The best thing to do is be up front and honest about your feelings and find out what is going on with her. Beware however, that if she is something going on, she might try to "defend" her actions by making up excuses.
So sorry that you are going through this and best of luck to you!!
~Kristin 




lpycb42 said:


> I'm going to be completely honest with you. If you found out about the texting by chance, then it's possible that it isn't friendly and innocent. If it was, she would have no problem telling you about him and she wouldn't make up excuses for seeing him. Thing is, if you have to hide your actions from your partner, then you're doing something that you shouldn't be doing. I'm not saying she's sleeping with him or anything. But she could be trying to find in him something that is missing with you. I think you should sit down and have a chat with her. Why is she having secret meetings with this man? What is she getting from it? Talk.


----------



## twotimeloser (Feb 13, 2011)

OK, 

i got $5 on her being a quality time person

and $10,000 on you being an Acts of service person.

Pick up the 5 love languages, see why you guys keep missing the affection from each other. 

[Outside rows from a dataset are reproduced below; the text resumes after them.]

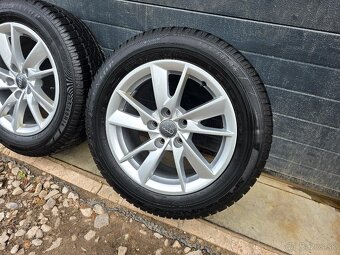 Zimná Sada AUDI A4 B8, B9 205/60 R16 DUNLOP - 5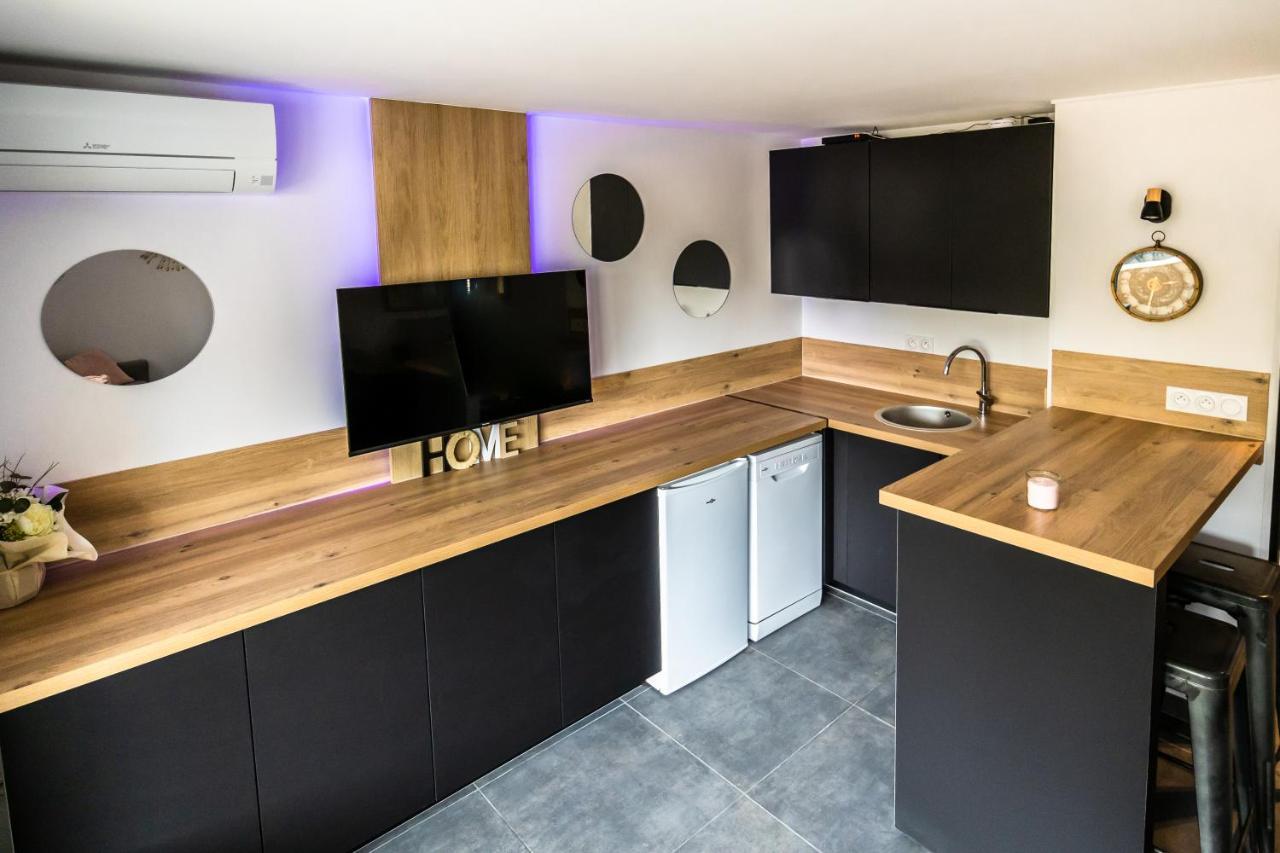 Cap D'Agde Suit'Appart T1 Pinede 26 M2 Balcon 10 M2 Екстер'єр фото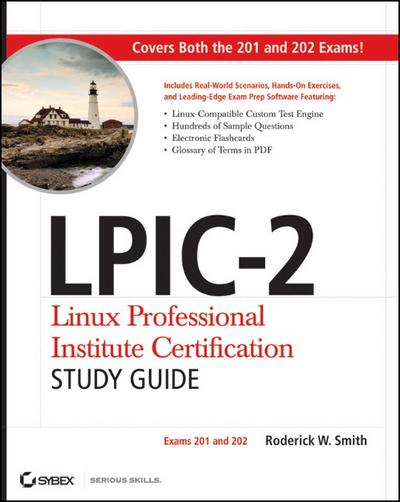 LPIC-2 Linux Professional Institute Certification Study Guide, w. CD-ROM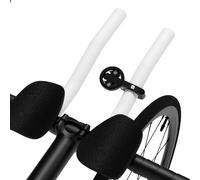 Supporto AeroBar GPS per Garmin Edge Explore, in lega di alluminio, per manubrio aerodinamico, torcia elettrica e action camera, compatibile con Bryton, Wahoo e CATEYE, nero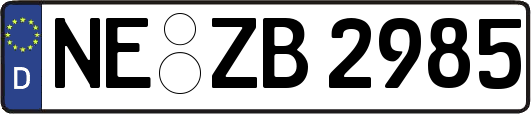 NE-ZB2985
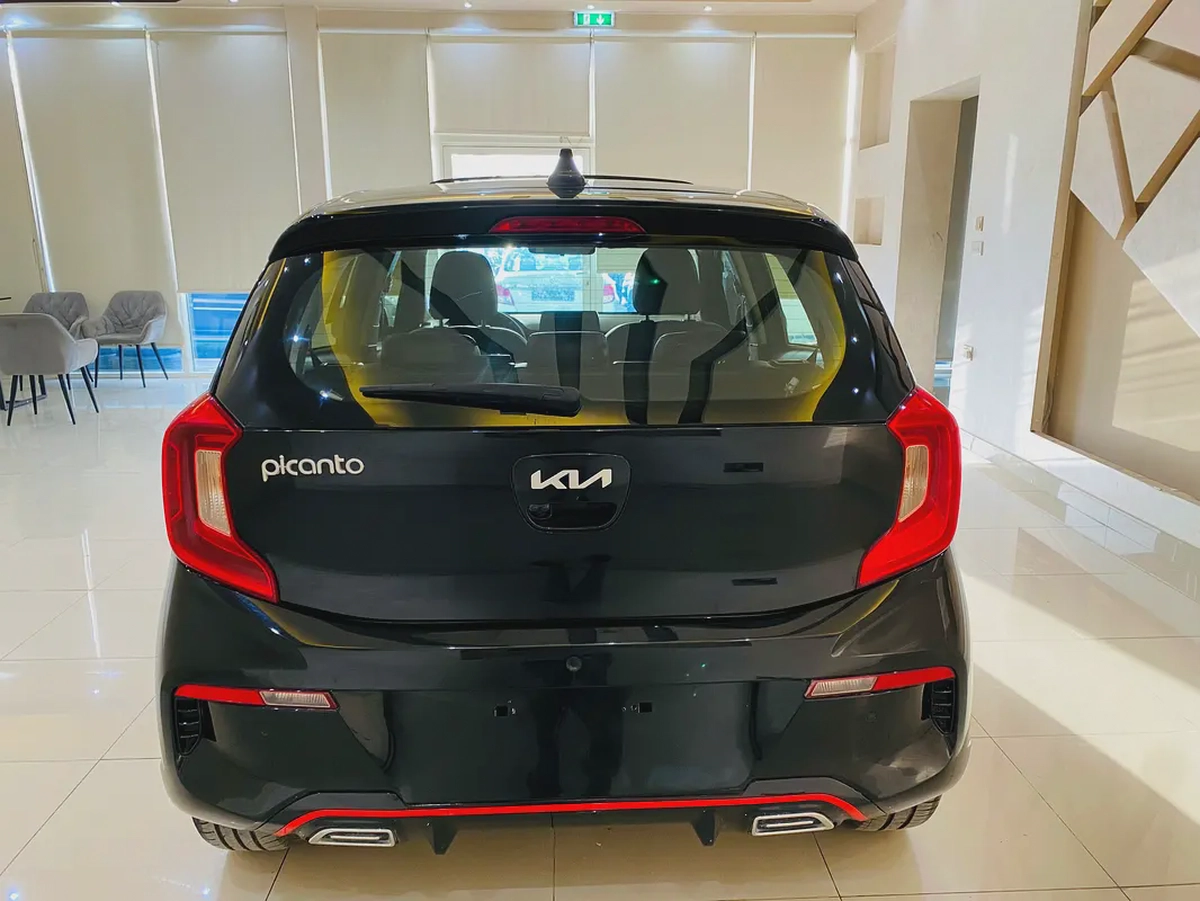 2022 Kia Picanto GT | GCC Specs | Low Mileage | Compact Sporty-4-4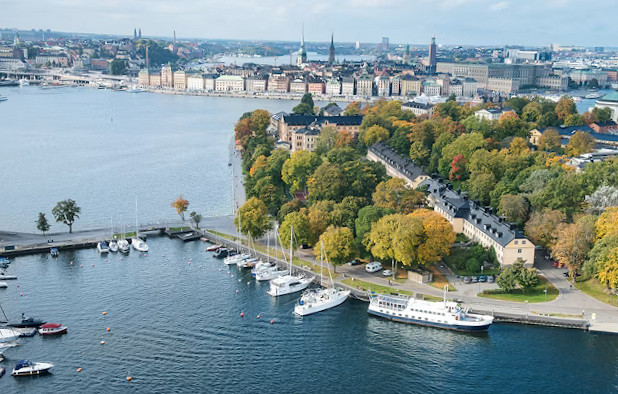 Skeppsholmen Utomhus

As for what this means.. the texts... figure 10 words average per text.. times 2000. Do you know how many pages 20,000 words is? Well in college i got about 300 on a page.. so about 70. 70 pages of conversation. That should give you a perspective of what you are dealing with. I fear the worst.


----------



## paramore (Jan 11, 2011)

Listen to twotime, I ordered the Love Language book today, and I am totally looking forward to the read.


----------



## Sanity (Mar 7, 2011)

Wipe your ass with the love language book and get a lawyer.
_Posted via Mobile Device_


----------



## AmorousWarrior (Jul 6, 2010)

You sound just like me bro. I'm certainly not in a good place right now as my wife just decided that she no longer wants to be married. Twotime is right though. 

My wife did the exact same thing. Then when I confront her about it, she says it's just a friend. My story is on here somewhere. In this thread. It's too much to dig it up right now as I am still in the middle of it, but I present you this: 
How can she talk to someone that much and have no connection with them? 
She can't.


----------



## the guy (Aug 3, 2010)

While your at the book store, stop by RadioShack and pick up a voice activated recorder, keylogger, and GPS. Besides the books which will help both of you the PI equipment will validate her loyalty or lack of. 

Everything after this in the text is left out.